Manuela Riedo’s half naked body was found on wasteland running by a railway line in Galway. Items of clothing were hanging from trees around her and a coat was covering her upper body and face, with a stone holding it in place.
Not far from her body a condom was hanging from some bushes. In today’s opening speech from the prosecution we heard that DNA from the accused, Gerald Barry was found on the inside of a condom while a mixed profile was found on the outside – belonging to him and the deceased girl.
A local artist, Sam Beardon, described his regular walk into work. On October 9th he was taking the standard hike through some bushes to reach the path than runs beside the railway line near Lough Atalia. Pushing his way through the bushes to climb the embankment he noticed a rucksack on the ground. It hadn’t been there when he’d passed by on his way home the previous evening so he stopped to have a look. That’s when he saw something pale in the bushes. He realised quickly it was the body of a woman. There was no sign of life.
Garda photographs handed to the jury showed a sad collection of human ephemera. Various items of clothing hung from different trees including a grey pair of jeans similar to the ones her teacher Kimberly Kramer Bertshy remembered seeing her wearing the day before. A makeup bag was spilled on the ground shedding it’s load of a young woman’s customary mask.
The teacher hung her head and spoke quietly as she remembered the popular girl who had been part of the group of 43 pupils she and her colleague had brought with them from the school near Berne. This was the third year they had travelled to Ireland. They were no naive tourists. Ms Kramer Bertshy had warned her class before they left that the girls shouldn’t walk alone after dark.

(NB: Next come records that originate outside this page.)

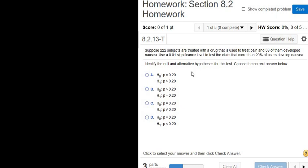Hey everyone, in this video we're going to go through a hypothesis test very carefully and explain what is going on. Suppose 222 subjects are treated with a drug that is used to treat pain and 53 of them develop nausea. Use a .01 significance level to test the claim that more than 20% of users develop nausea.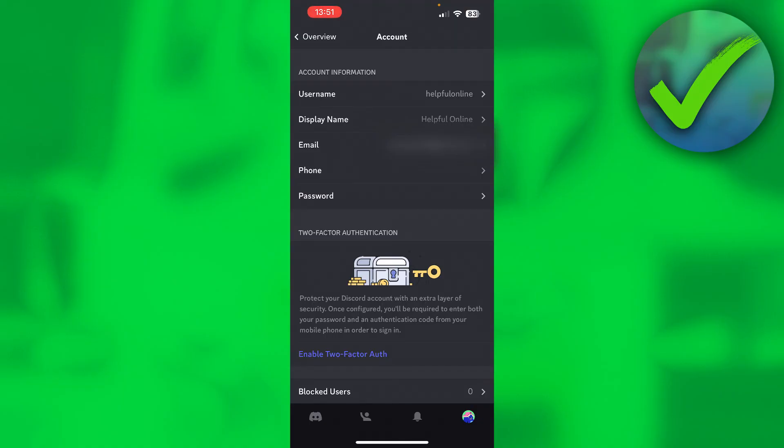So that's how to verify Discord account. That's how you do it on both your phone and PC. I hope this video helps you out, let me know in the comments if it did and then I will see you next time.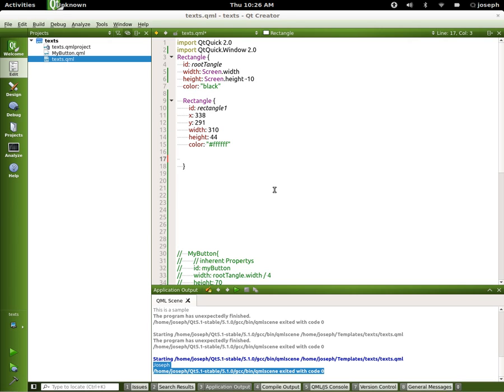Hello everybody, this is Joseph. Welcome to another QML tutorial. In this tutorial we're going to be discussing text edit and text input.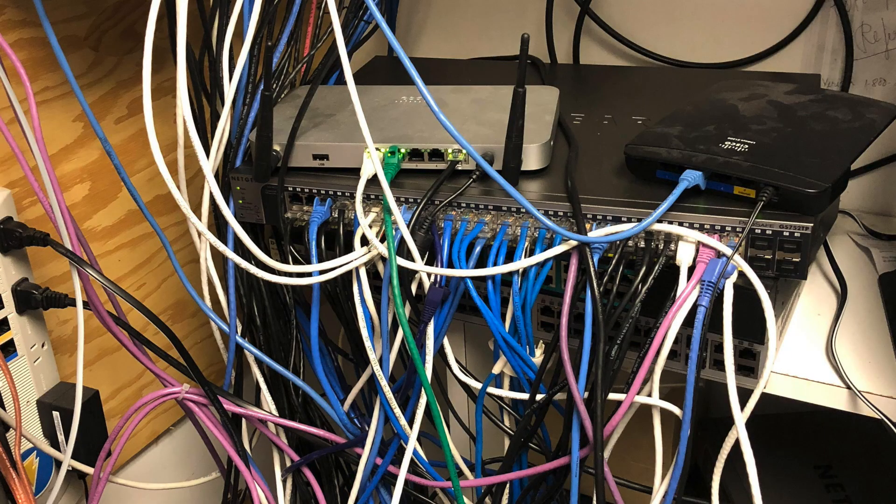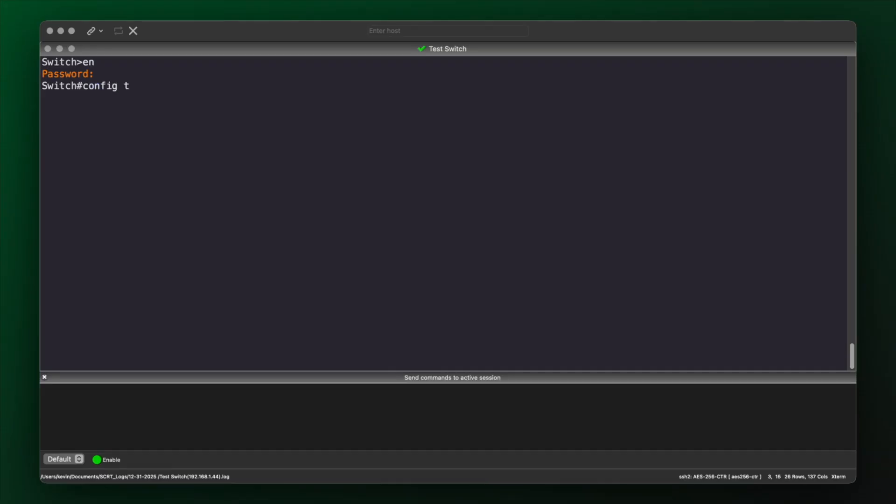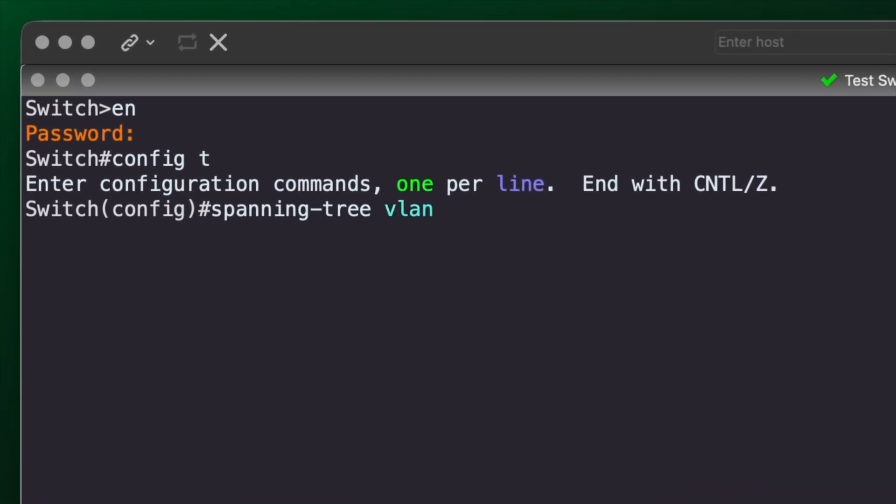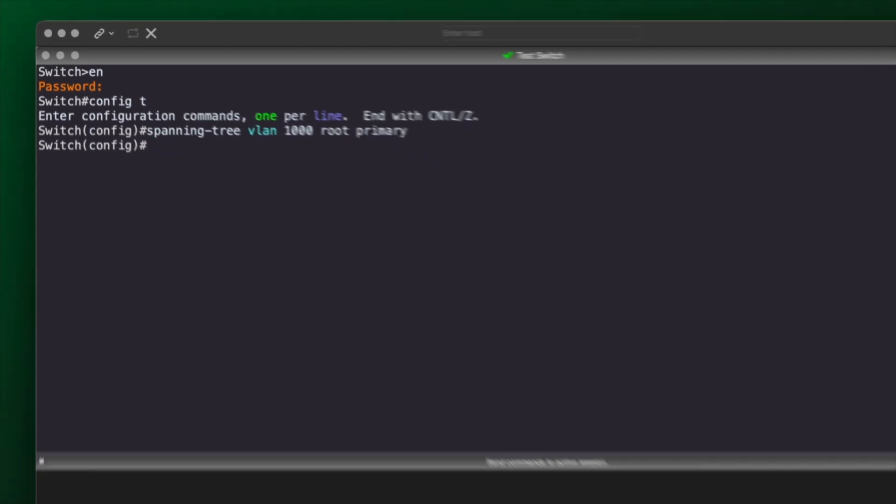Now let's talk about where spanning tree causes real pain in production. The first big one is the wrong root bridge. If you don't manually set it, some random access switch in a closet can end up running your entire network. Traffic takes stupid paths, latency goes up, and performance suffers. The fix is simple — manually set your root and secondary root on the switch where the VLAN's default gateway lives, basically wherever the SVI for that VLAN is configured. That first day outage is exactly why one of my first projects was fixing spanning tree priorities so a desk switch could never become a root again.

Her voice dropped even further when she described the call from gardai on the evening of October 9th 2007. She was asked, being in loco parentis, to go to the city morgue and identify the body of the 17-year-old, one of the youngest in the group.
She and her colleague, Christien Klingele, described a happy group in Galway for a two week intensive language course but also taking the time to enjoy the Galway nightlife.
The group had met in the King’s Head Pub, one of the best known pubs in Galway town – the story goes that the man who cut off the head of Charles 1 was given a reward of some Galway land by Oliver Cromwell’s parliament after the English civil war. A bloody provenance but a popular watering hole for young visitors to Galway.
They went there first on Sunday 7th October, the day after they arrived. The next night they were to meet again but Manuela wasn’t among them. She never showed up and the following day missed the first full day of classes.
When she was found on the morning of October 9th Manuela’s body was not yet stiff from rigor mortis, the attending doctor concluding she had died only recently. She was lying on her back, under the coat, one leg bent at the knee.
When you cover murders, or spend any length of time around the courts, you get a feeling for the trials that will stay with you after the verdict. Even with the journalistic distance there are still some. We might get used to hearing the most horrific injuries described in calm medical terminology but there are some trials where the human tragedy cuts through the remove. This will be one.